Waiting for someone to give me some props.
Curling iron-come mic, I sang with emotion;
My eyes were shut closed, my face all screwed up…

Look. I'm a sheet snob. I'd put using satin sheets right up there with ordering a Hennessy and coke or wearing a perfectly-matched tie and pocket square; they think they're coming across as all sophisticated and discerning, but they're not fooling those of us who truly understand good taste. Sigh. Let's see, who else can I insult here?

Nice puzzle, Damon!

NCA President 8:20 AM  

A little more difficult than yesterday, still under my average...which is well above the 8 minute mark some people can do...

Chow fun? Seriously. CHOW FUN? Yeah, no.

I am the opposite of a car guy. There are people who know models and makes of obscure car types, and then there are people who couldn't care less. 458 or 488 or 727 or P90x...people who drive Ferraris have way too much money, IMO.

I knew WILLACATHER because I grew up in Nebraska. She was sort of the Nebraska equivalent to Laura Ingalls Wilder as a woman who wrote about life on the prairie. They have a museum dedicated to her there in what is still basically prairie in Red Cloud, NE.

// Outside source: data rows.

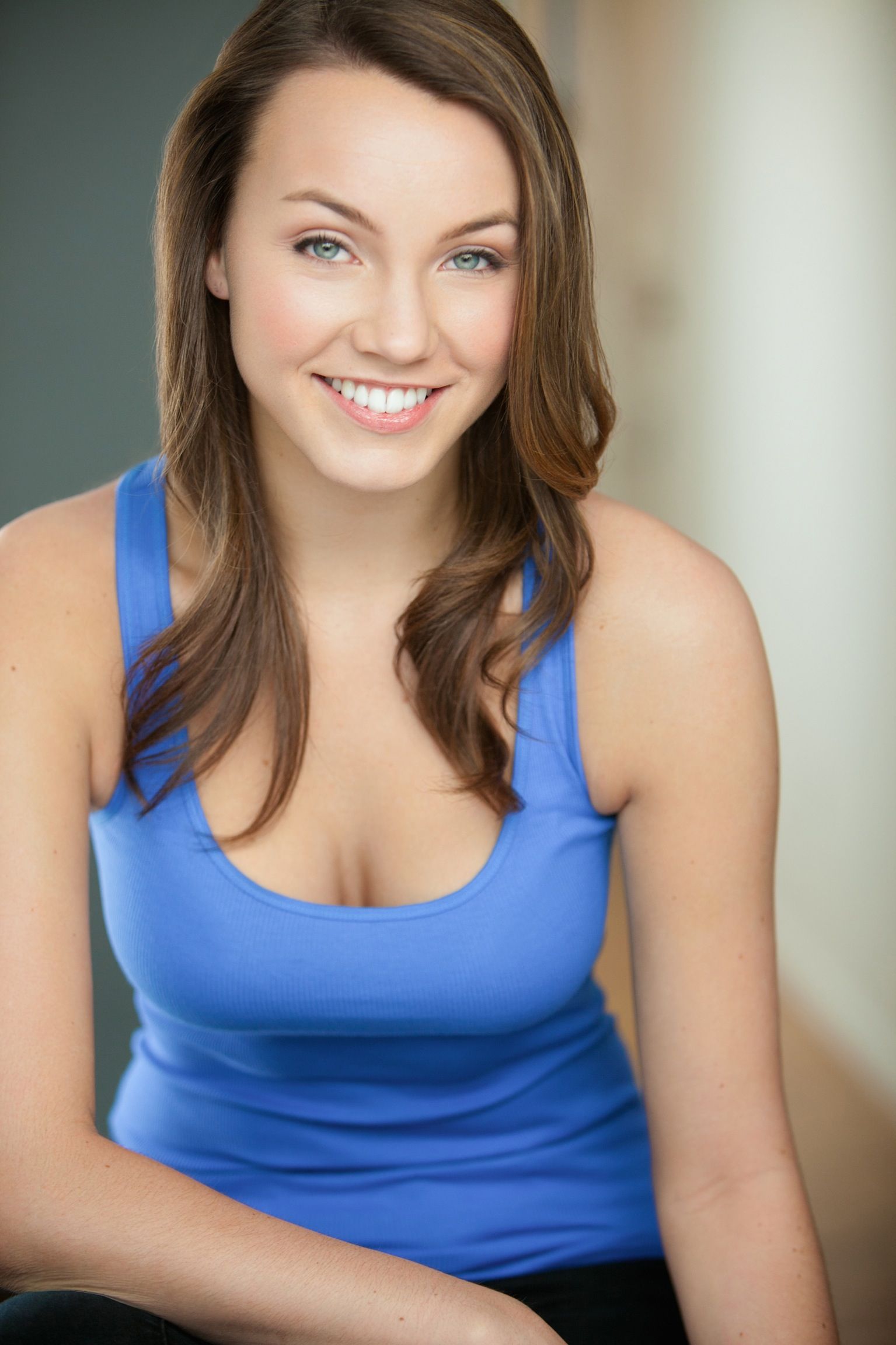 Audra Van Hees - Free pics, galleries & more at Babepedia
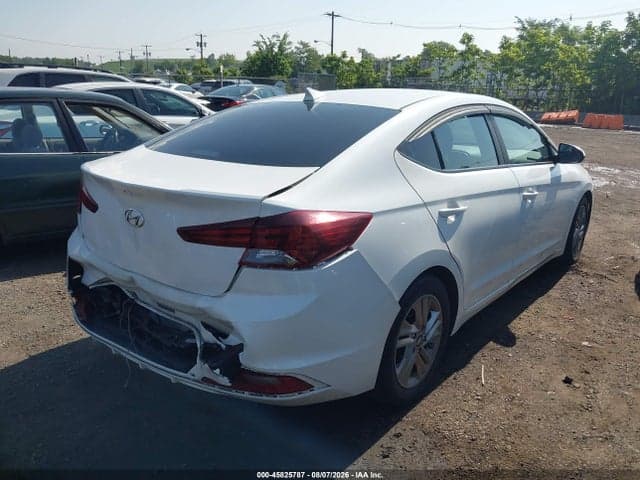 2020 HYUNDAI ELANTRA SEL 4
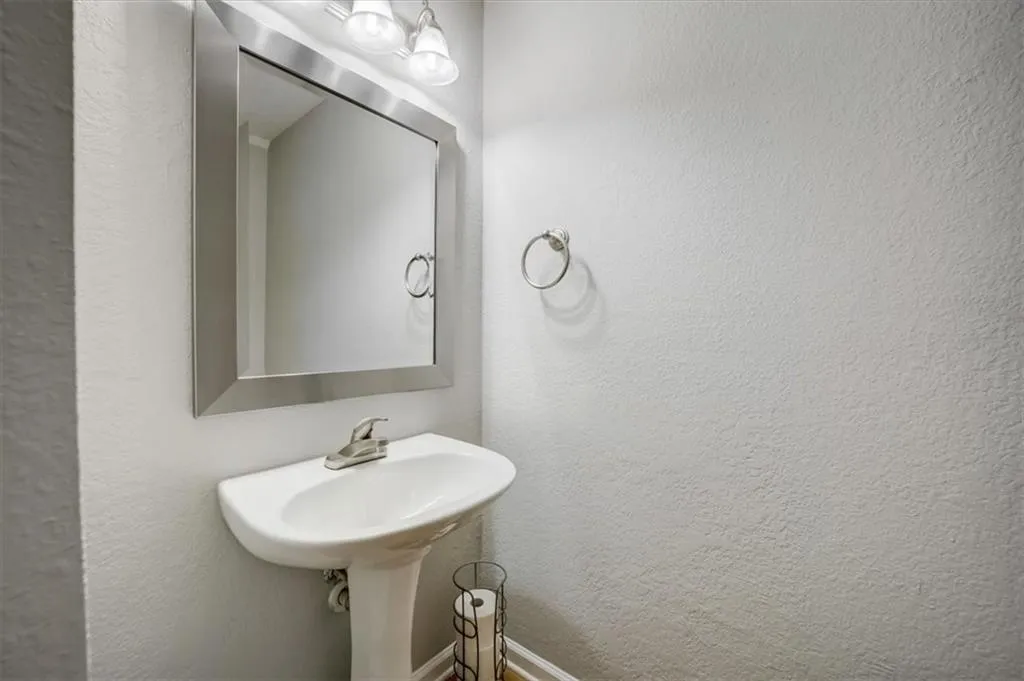255 Winding River Drive Unit E, Sandy Springs, Georgia 30350, 2 Bedrooms Bedrooms, ,1 BathroomBathrooms,Residential,Sold,255 Winding River Drive Unit E,7212681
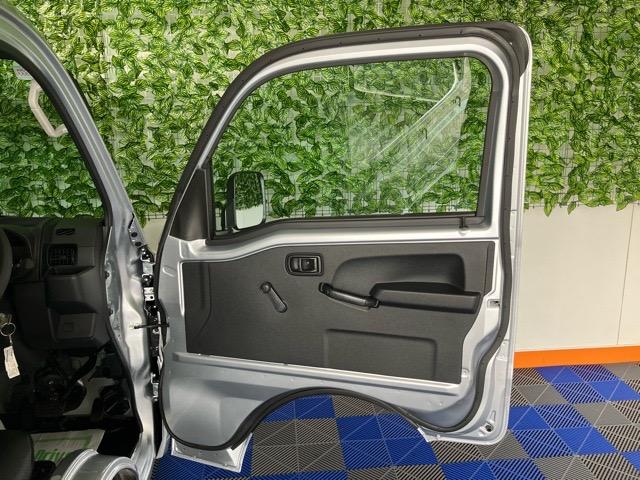 ハイゼットトラックスタンダード4WD・CVT車・衝突回避・AM/FMラジオ・コーナーセンサー・エコアイドル・エアコン(佐賀県)の中古車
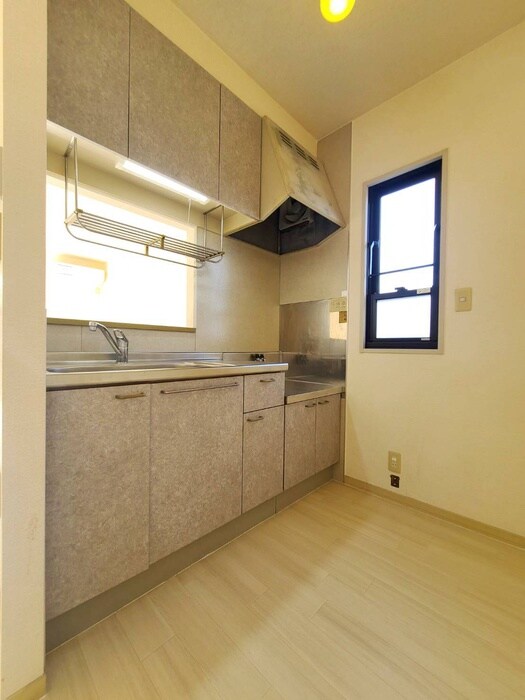 物件内観写真8　(キッチン)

MOMJEANS and MORMON took awhile. And speaking of Nebraska, where the highest mountain is basically just a geological speed bump, we have no word for a "cluster of mountains." In Nebraska, growing up, we called those the Rockies...and driving west for our summer vacation in Estes Park, as those mountains would rise up on the horizon, not once did anyone in my car say, "Hey look! It's a massif of mountains! We're getting closer!" So yeah, that's a new word I didn't know about an hour ago when I woke up this morning.

Teedmn 8:40 AM  

I'm with @Rex on the easy. While I had to start in the NE with MEANS IT and slide down the staircase towards the SW, this gave me CATHER, making the NW fill right in. The SE gave me the toughest time. I have a MEMORY HOLE regarding "1984" which I last read in 1984 for a "1984" party a friend threw. So I put in Mind PolicE and had to dig out of that HOLE.

Compared to yesterday's puzzle (which I loved, don't get me wrong), this was a 19 minute Saturday romp. I live with someone who sees a lot of things as "fixed" so IN CAHOOTS is said often here at home which I meet with a sigh or "Riiiiggghhht" (cue eye roll). So I can't wait to show my husband the puzzle and ask him if he was IN CAHOOTS with Damon Gulczynski!

This puzzle did not make me FEEL like a TOTAL IDIOT but there's still plenty of time left in the day :-)!

Hartley70 8:45 AM  

I began just as Rex did, but I wasn't bothered by any of the fill. It was a fine Saturday.

There was a fair bit I didn't know, MEMORYHOLE, MASSIFS, LETHERCRY, LAMESA, RATINE, OXLIP, and INKSTONE, so I can't fathom why I finished this faster than usual for a Saturday puzzle.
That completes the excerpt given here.